Em Novembro de 1940 a imprensa americana já dava conta de que o Governo de Salazar tinha autorizado aos armadores portugueses o estabelecimento de linhas entre Lisboa e Nova Iorque, enquanto em maio do ano seguinte noticiavam que 14 navios tinham sido desviados das habituais rotas coloniais para assegurar o transporte de passageiros e mercadorias como trigo, carvão e fertilizante entre os dois países. Vários são de pequena tonelagem e com reduzida capacidade de alojamento, como eram o caso do Guiné, do São Thomé, do Pungue ou do Lobito, mas nesta rota surgem também unidades com grande número de acomodações como eram o caso do Quanza, do Niassa, do Carvalho Araújo ou do Serpa Pinto.


Serpa Pinto: o navio do Destino

O “Serpa Pinto” assume cedo um papel de destaque nesta nova realidade e nos primeiros oito meses de 1941 transporta mais de 3000 passageiros, superando em quase um milhar o navio seguinte, o Niassa, como se pode ver pelos dados reunidos no Quadro 1 - copiado do livro de Irene Pimentel "Judeus em Portugal durante a II Guerra Mundial" - e que lista os passageiros transportados por diversos navios portugueses durante o período referido.

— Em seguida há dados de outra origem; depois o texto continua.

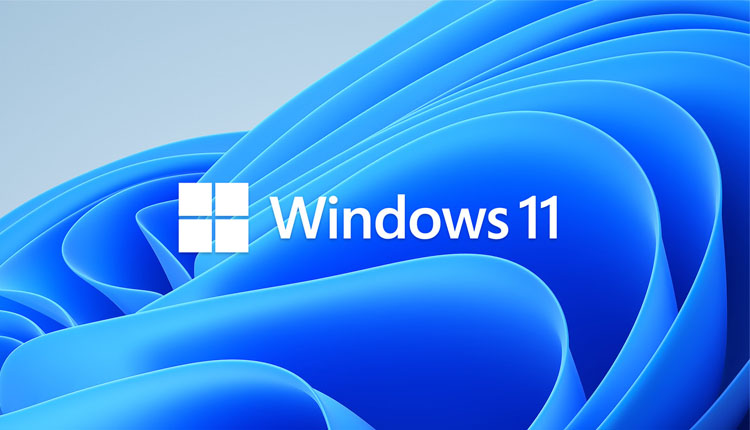 Windows 10 acceptera les clés Windows 7/8 avec sa prochaine mise à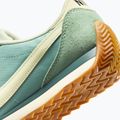 Damenschuhe Nike Pacific steam/mineral slate/coconut milk 4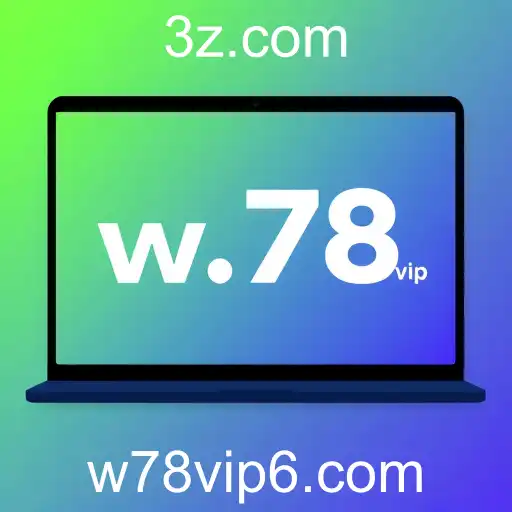 A Influência das Plataformas de Jogos no Mercado Global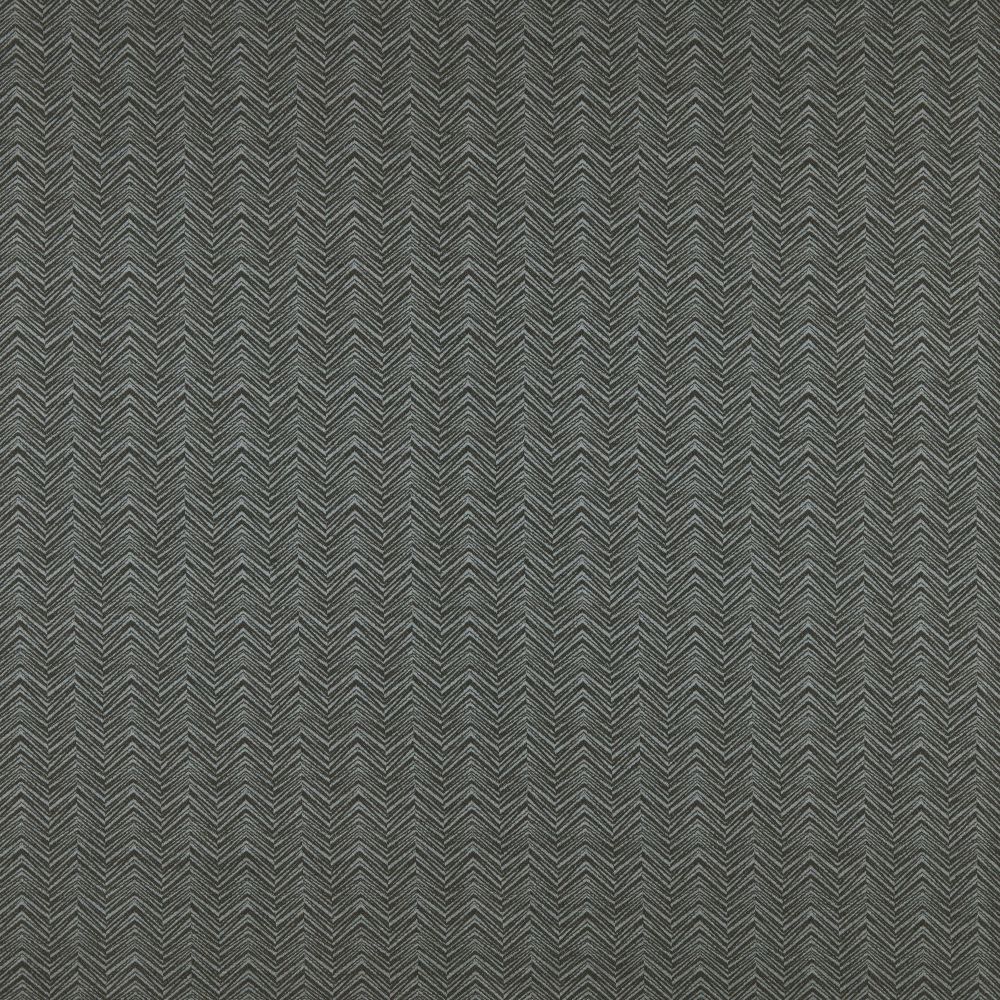Текстиль Ashley Wilde Essential Weave Vol 4 BRENCHLEY EUCALYPTUS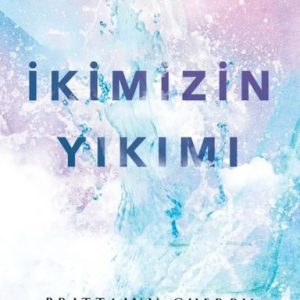 İkimizin Yıkımı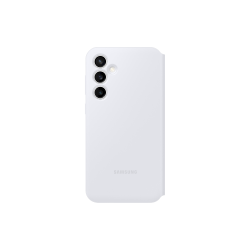 Samsung EF-ZS711CWEGWW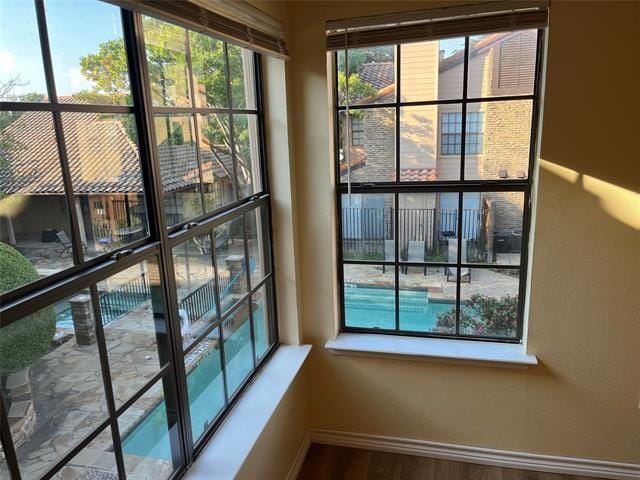 Building Photo - 5626 Preston Oaks Rd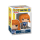 Funko POP POP TV: One Piece S1 - Nami - 1581126 - zdjęcie 3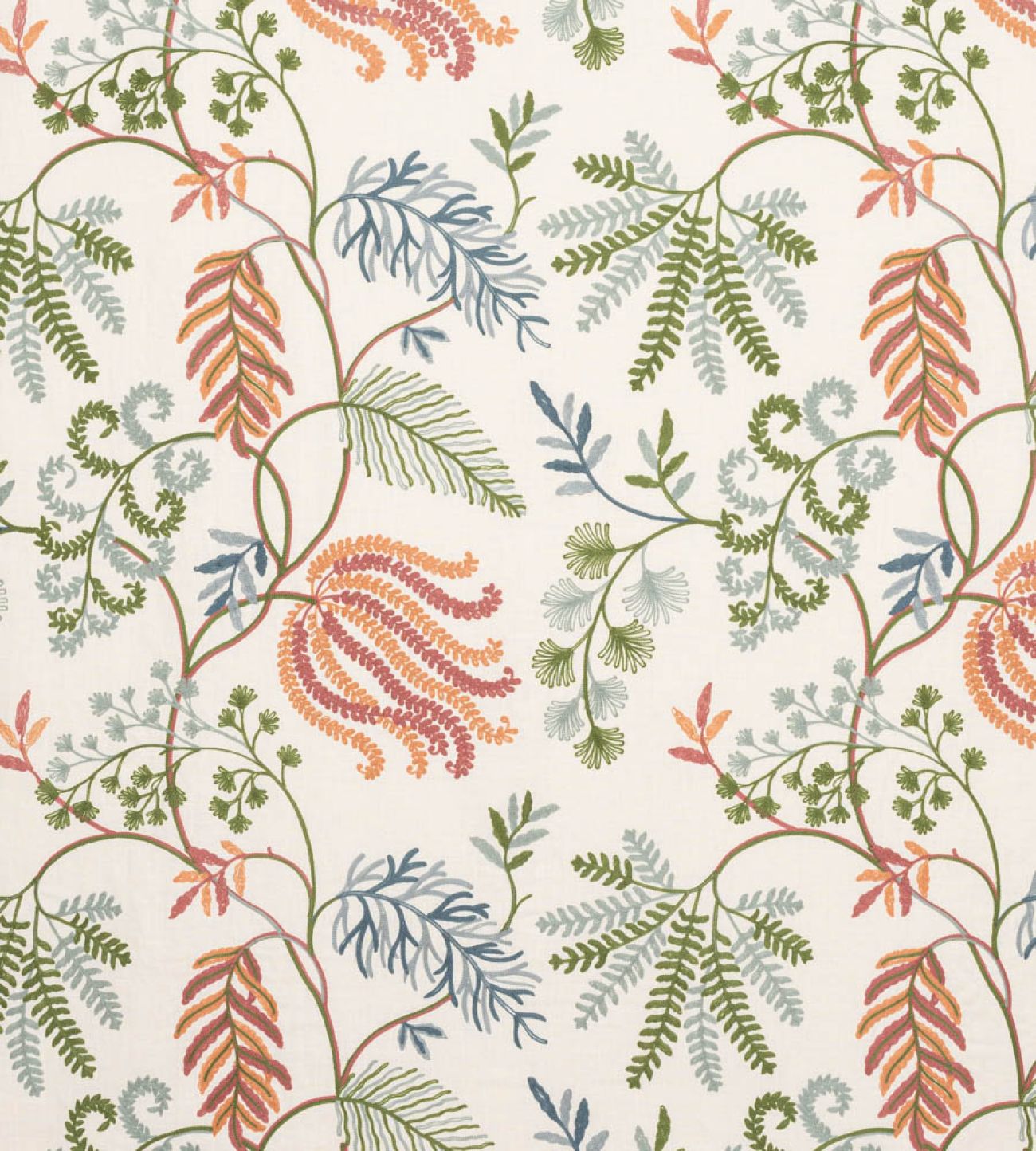 Английская ткань Colefax and Fowler, коллекция Chilgrove, артикул F4883-02 Английская ткань Colefax and Fowler, коллекция Chilgrove, артикул F4883-02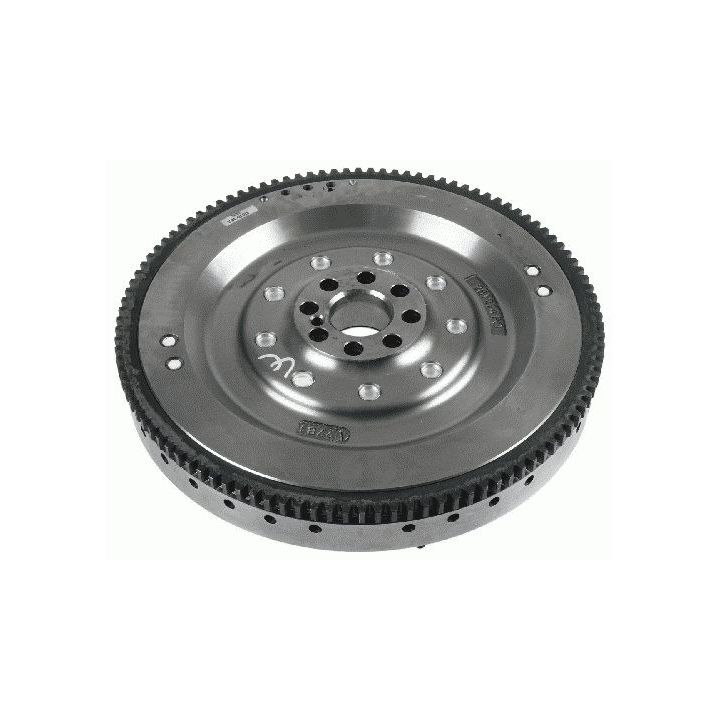 Smagratis SACHS 2294 701 015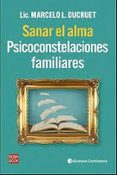SANAR EL ALMA-17682373-otro-formato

Deve ter-se em conta que tão elevado número de passageiros transportados não resulta apenas da capacidade, mas também das rotas percorridas. Uma viagem de ida e volta entre Lisboa e os portos coloniais da África Oriental poderia prolongar-se por vários meses enquanto uma ida e volta áo continente americano, mesmo com diversas paragens, se podia fazer em mês e meio.

Lista de viagens do Serpa Pinto
com refugiados, construída com base
nas listas de passageiros da Joint.
Entre a documentação disponibilizada on-line pela American Jewish Joint Distribution Committee (Joint), uma das instituições americanas que em Lisboa organizou e financiou a evacuação de refugiados judeus para diversos destinos, encontram-se listas de passageiros confirmando que entre 1941 e 1945 o Serpa Pinto realizou pelo menos uma vintena de viagens entre Lisboa e portos nas américas do norte, do sul e das Caraíbas.

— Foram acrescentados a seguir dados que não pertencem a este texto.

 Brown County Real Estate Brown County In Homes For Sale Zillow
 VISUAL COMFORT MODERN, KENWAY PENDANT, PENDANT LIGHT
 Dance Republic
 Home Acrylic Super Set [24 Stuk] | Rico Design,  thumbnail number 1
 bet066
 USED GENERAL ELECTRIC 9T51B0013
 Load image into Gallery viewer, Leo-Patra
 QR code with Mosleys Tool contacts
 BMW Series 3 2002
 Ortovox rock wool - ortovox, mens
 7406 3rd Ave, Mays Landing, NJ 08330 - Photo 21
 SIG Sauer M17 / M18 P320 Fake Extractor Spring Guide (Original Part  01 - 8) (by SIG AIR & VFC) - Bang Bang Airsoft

A imagem do Serpa Pinto tornar-se-ia icónica. São diversas as fotografias assinalando a saída de refugiados de Lisboa que mostram o navio. Personalidades famosas como Marcel Duchamp ou Simone Weil cruzaram nele o Atlântico e o escritor Stefan Zweig lembra-o nas suas memórias. O seu nome surge em reportagens e mais recentemente as suas deambulações de guerra foram retratadas pela obra da belga Rosine De Dijn, “O Barco do Destino”.

Curiosamente numa das viagens, que teve lugar em Junho de 1942, o navio atravessou o Atlântico até ao Rio de Janeiro e Nova Iorque levando mais de 400 judeus e no regresso trouxe 940 diplomatas e outros cidadãos alemães expulsos na sequência da entrada do Brasil na guerra. Das suas aventuras em tempos de guerra merece ainda destaque o salvamento, a 8 de Outubro de 1940, de 22 tripulantes do navio grego Antonios Chandris afundado no Atlântico Sul.